O cantor Elton Saldanha observa que O Esquilador também traz uma reflexão social:
— Trata de uma profissão em extinção e a letra trata ainda do êxodo rural, certamente o poeta previu que a ilusão de quem partiu do campo para a cidade teria uma desilusão pois a mão de obra que migrou para as cidades foram marginalizados nas periferias: é a música cumprindo sua contribuição social.
Neto Fagundes, cantor e apresentador do Galpão Crioulo, reforça que Telmo trabalhou com um segmento muito importante da cultura gaúcha em O Esquilador, pois a partir dali vem toda a fiação e a lã.
— Naquele momento, Telmo consolida um tipo de música que representa muito para o nativismo, que era escrever e cantar as lidas do campo.
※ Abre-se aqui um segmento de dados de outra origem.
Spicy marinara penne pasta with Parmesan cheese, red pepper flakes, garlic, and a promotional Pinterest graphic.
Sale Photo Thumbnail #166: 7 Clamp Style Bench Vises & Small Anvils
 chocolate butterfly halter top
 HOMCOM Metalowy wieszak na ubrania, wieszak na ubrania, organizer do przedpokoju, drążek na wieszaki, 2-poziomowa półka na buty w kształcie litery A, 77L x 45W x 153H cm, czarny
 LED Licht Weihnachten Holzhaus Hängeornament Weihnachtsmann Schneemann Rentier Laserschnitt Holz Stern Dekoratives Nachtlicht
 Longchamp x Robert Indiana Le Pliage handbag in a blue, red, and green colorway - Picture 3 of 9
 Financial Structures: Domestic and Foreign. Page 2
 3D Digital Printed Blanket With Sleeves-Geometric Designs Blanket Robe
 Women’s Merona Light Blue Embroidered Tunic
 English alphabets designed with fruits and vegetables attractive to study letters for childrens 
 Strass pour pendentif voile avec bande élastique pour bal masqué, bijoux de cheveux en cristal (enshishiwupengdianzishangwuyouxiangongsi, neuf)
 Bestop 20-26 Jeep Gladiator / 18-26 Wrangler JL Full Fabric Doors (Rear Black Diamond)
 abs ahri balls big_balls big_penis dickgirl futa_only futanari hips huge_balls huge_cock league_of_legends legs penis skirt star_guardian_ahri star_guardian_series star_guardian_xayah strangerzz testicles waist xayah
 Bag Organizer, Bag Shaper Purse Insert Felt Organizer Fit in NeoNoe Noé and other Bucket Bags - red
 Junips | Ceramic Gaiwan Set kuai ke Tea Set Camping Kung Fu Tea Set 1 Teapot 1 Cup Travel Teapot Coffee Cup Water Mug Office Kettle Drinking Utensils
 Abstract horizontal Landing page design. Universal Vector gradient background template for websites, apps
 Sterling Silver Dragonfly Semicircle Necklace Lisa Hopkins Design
E uma delas era a esquila, tão cultuada na região da Fronteira. A partir dali, foi para o mundo todo — pontua Neto.
O compositor, historiador e mestre em Literatura Vinícius Brum sublinha que O Esquilador talvez seja a mais emblemática das criações de Telmo. Para ele, uma boa antologia de canções surgidas a partir dos festivais nativistas deverá contemplar “quando é tempo de tosquia já clareia o dia com outro sabor...”.
— O Esquilador, em um primeiro momento, parece dizer apenas de uma atividade do homem do campo, qual seja a tosa ou esquila de ovelhas para que se possa obter a lã com a qual se carda os ponchos para enfrentar a invernia. Contudo, ainda que essa primeira interpretação esteja correta, a canção deixa um ensinamento cuja metáfora parece conter o largo da experiência humana: “Quem vendeu tesouras na ilusão povoeira, volte pra Fronteira para se encontrar”. Ir e voltar! A eterna recorrência dos povos sobre a terra desde de que o homem começa a perceber-se. O poeta sabe e ensina: talvez só poderemos nos encontrar quando atingirmos a nossa fronteira. Inaugural e infinita fronteira — reflete o músico.
Brum conclui:
— A lã de nossas penas necessita de um esquilador. Telmo de Lima Freitas sempre soube, deve ter esquilado as suas, e mostrou a todos o caminho cantando: “Quando é tempo de tosquia, já clareia o dia com outro sabor”.